Crawled caption data:
*** Block opens ***

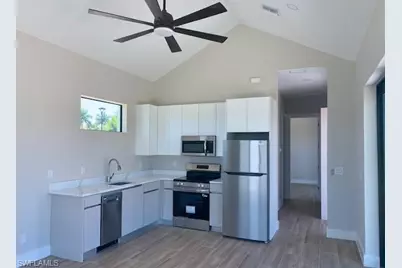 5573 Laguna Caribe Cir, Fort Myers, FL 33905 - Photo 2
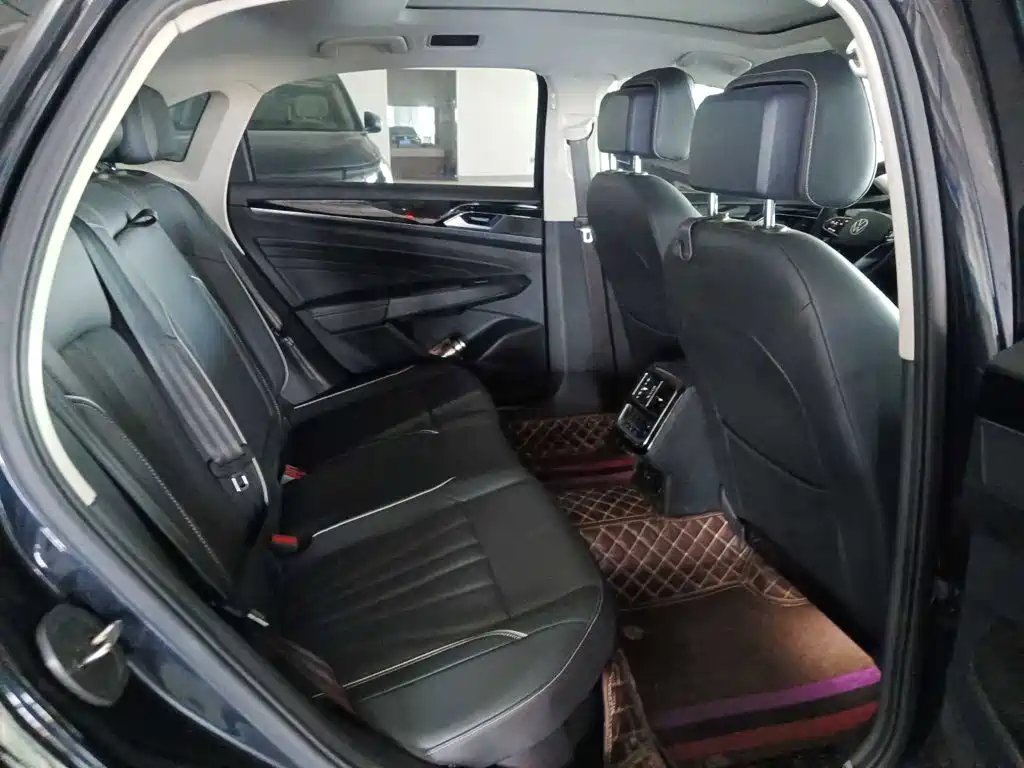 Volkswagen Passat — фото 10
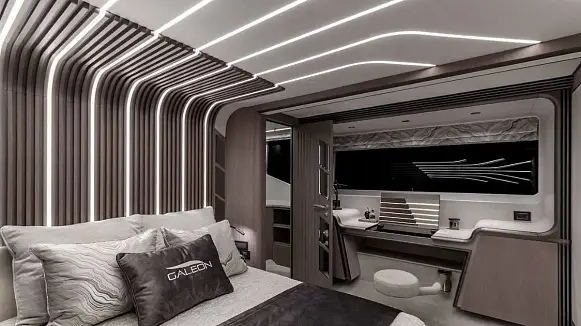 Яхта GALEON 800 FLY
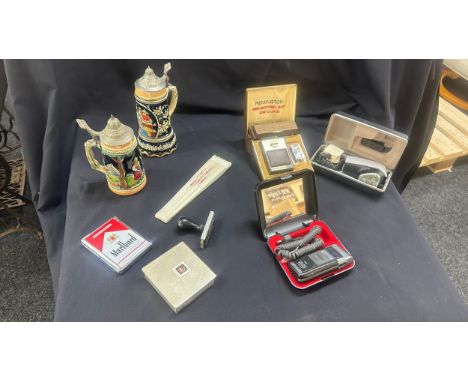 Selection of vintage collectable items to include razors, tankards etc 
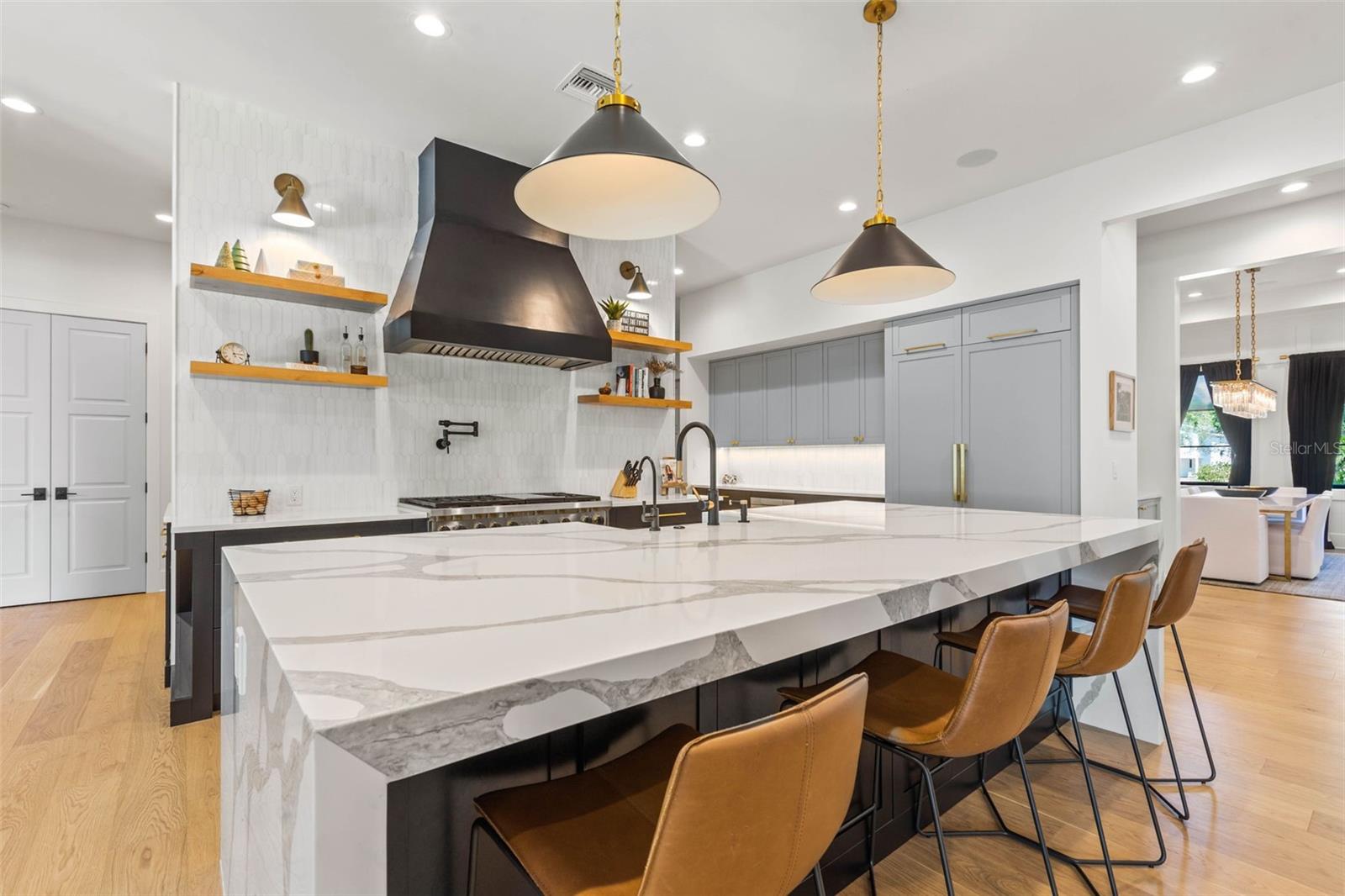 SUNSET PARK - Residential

*** Block closes ***

> **WORK TO COMPLETE**: Copy all of the data above exactly. Leave out every picture.

> **TASK ANSWER**:
 5573 Laguna Caribe Cir, Fort Myers, FL 33905 - Photo 2
 Volkswagen Passat — фото 10
 Яхта GALEON 800 FLY
 Selection of vintage collectable items to include razors, tankards etc 
 SUNSET PARK - Residential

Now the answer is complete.